**** AVAILABLE DATA ****

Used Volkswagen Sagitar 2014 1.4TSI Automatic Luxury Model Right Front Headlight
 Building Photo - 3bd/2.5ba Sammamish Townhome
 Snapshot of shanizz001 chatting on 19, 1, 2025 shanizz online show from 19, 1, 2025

****

→ WORK TO BE COMPLETED
Please transcribe exactly the line containing "Building Photo - 3bd/2.5ba" and every line after it to the end of the data, and no other lines.

→ TASK RESULT
 Building Photo - 3bd/2.5ba Sammamish Townhome
 Snapshot of shanizz001 chatting on 19, 1, 2025 shanizz online show from 19, 1, 2025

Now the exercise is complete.